How to get multi output from module.get_output()?


#1

Currently, I find that all examples / tutorials are only one output. However, we have some models maybe have multi output layers, for example, ssd mobilenets.

For this situation, how we get multi output?

Additionally, I find that sometimes our output shape is (1000,), sometimes is (1, 1000),both are ok?


#2
    # get nth output with out_shape as output shape
    out = module.get_output(n, out=tvm.nd.empty(out_shape, ctx=ctx))

#3

Thanks. It works. But how about output_shape is different? for example, ssd_mobilenet, our two output_shape are different. We should call two times of module.get_output(0, out=tvm.nd_empty(out_shape_0, ctx=ctx)) and module.get_output(1, out=tvm.nd.empty(out_shape_1), ctx=ctx) or out_shape = (out_shape_0, out_shape_1), then module.get_output(1, out=tvm.nd.empty(out_shape), ctx=ctx)???


#4

tvm.nd.empty(out_shape, ctx=ctx) allocates an array, so you can allocate several arrays for each output. It is recommended not to allocate arrays repetitively, but allocate it once and pass it to out parameter


#5

So, you means I can:
module.get_output(0, out=tvm.nd_empty(out_shape_0, ctx=ctx))
module.get_output(1, out=tvm.nd.empty(out_shape_1), ctx=ctx)


#6

I think @tqchen means

# allocate once
out_0 = tvm.nd.empty(out_shape_0, ctx=ctx)
out_1 = tvm.nd.empty(out_shape_1, ctx=ctx)

# infer for many times
for i in range(...):
    # set input and module.run
    ...
    # pass as arguments
    module.get_output(0, out_0)
    module.get_output(1, out_1)

#7

similar question,

I’m writing a c++ test application to test a inference using mxnet + resnet.
This network requires two outputs(1, 1000) but below example code is considered only for one output.
For the build, I modified out_ndim = 2; int64_t out_shape[2] = {1, 1000, };
the building works but seems it shows wrong result below,
The maximum position in output vector is: 0

Could you give me an advice how I could correct it?

Thanks,
Inki Dae


61 DLTensor* y;
62 int out_ndim = 1;
63 int64_t out_shape[1] = {1000, };
64 TVMArrayAlloc(out_shape, out_ndim, dtype_code, dtype_bits, dtype_lanes, device_type, device_id, &y);
65
66 // get the function from the module(get output data)
67 tvm::runtime::PackedFunc get_output = mod.GetFunction(“get_output”);
68 get_output(0, y);
69
70 // get the maximum position in output vector
71 auto y_iter = static_cast<float*>(y->data);
72 auto max_iter = std::max_element(y_iter, y_iter + 1000);
73 auto max_index = std::distance(y_iter, max_iter);
74 std::cout << "The maximum position in output vector is: " << max_index << std::endl;
75
76 TVMArrayFree(x);
77 TVMArrayFree(y);


#8

Excuse me . did you solve this problem ? ?


#9

Hi,

I am testing a model with 3 outputs, however, when I use m.get_output(0, ) for example for index 0, I always get different outputs. This means that the outputs are randomly mapped to the output indexes.
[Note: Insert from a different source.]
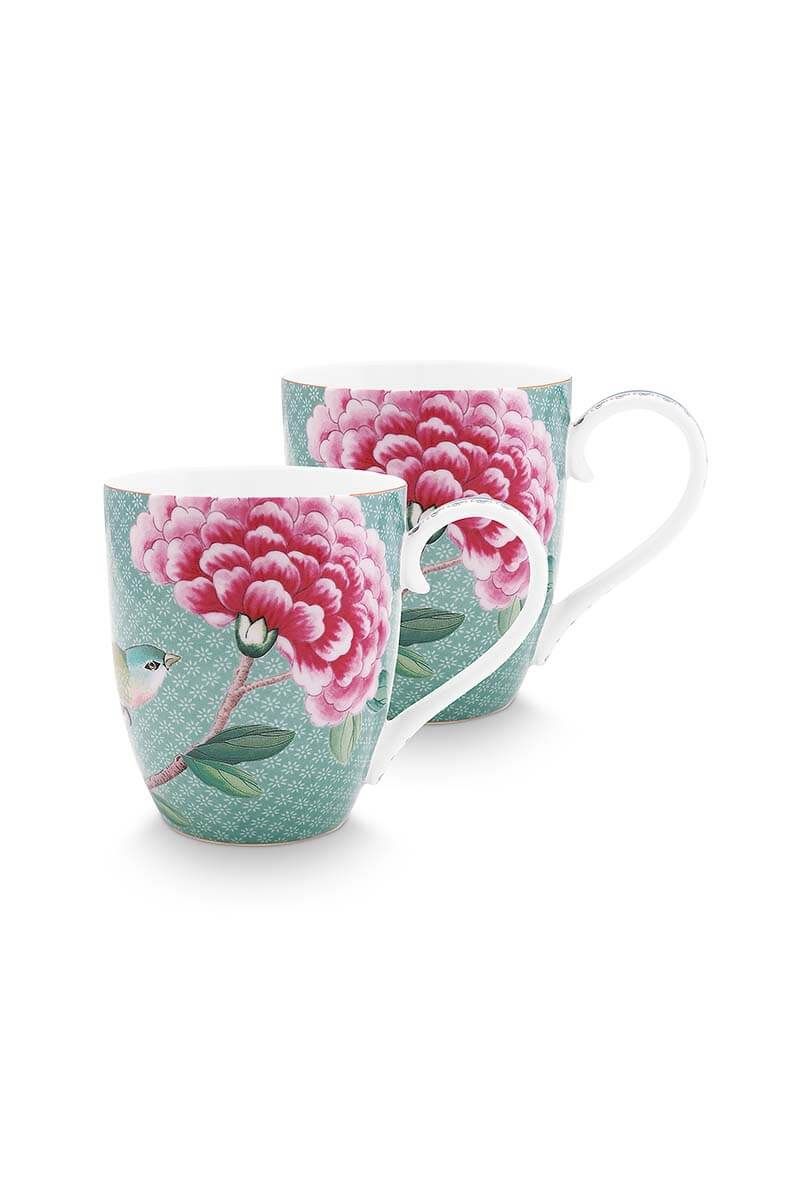 Blushing Birds Set/2 Tassen XL Blau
Is this a bug? or is there any way to get the output indexes in a deterministic way?

Thanks


#10

I would like to share the solution to my problem described in the previous comment.
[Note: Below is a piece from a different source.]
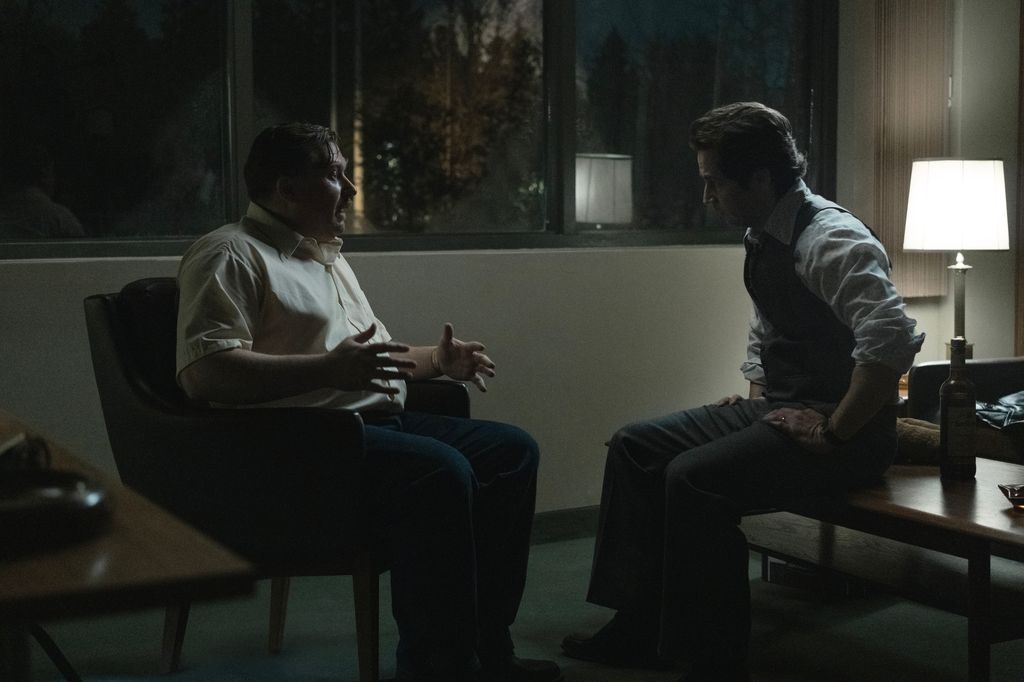 DEVIL IN DISGUISE: JOHN WAYNE GACY -- Episode 106 -- Pictured: (l-r) Michael Chernus as John Wayne Gacy, Michael Angarano as Sam Amirante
The issue is that I defined the set of outputs of the model as a “set” as follows:

outputs = {'output1', 'output2', 'output3'}
mod, params = relay.frontend.from_tensorflow(graph_def, layout=layout, outputs=outputs, shape=shape_dict)

This results in a random order of the outputs when the set is indexed. I used this code as I found it as a example to define the outputs, however, the right way is with a list as follows:

outputs = ['output1', 'output2', 'output3']
mod, params = relay.frontend.from_tensorflow(graph_def, layout=layout, outputs=outputs, shape=shape_dict)

Small difference but it is important to be aware of this


#11

I guess copying output (might be large) from GPU to CPU asynchronously could be more time efficient.


#12

I’ve done so successfully.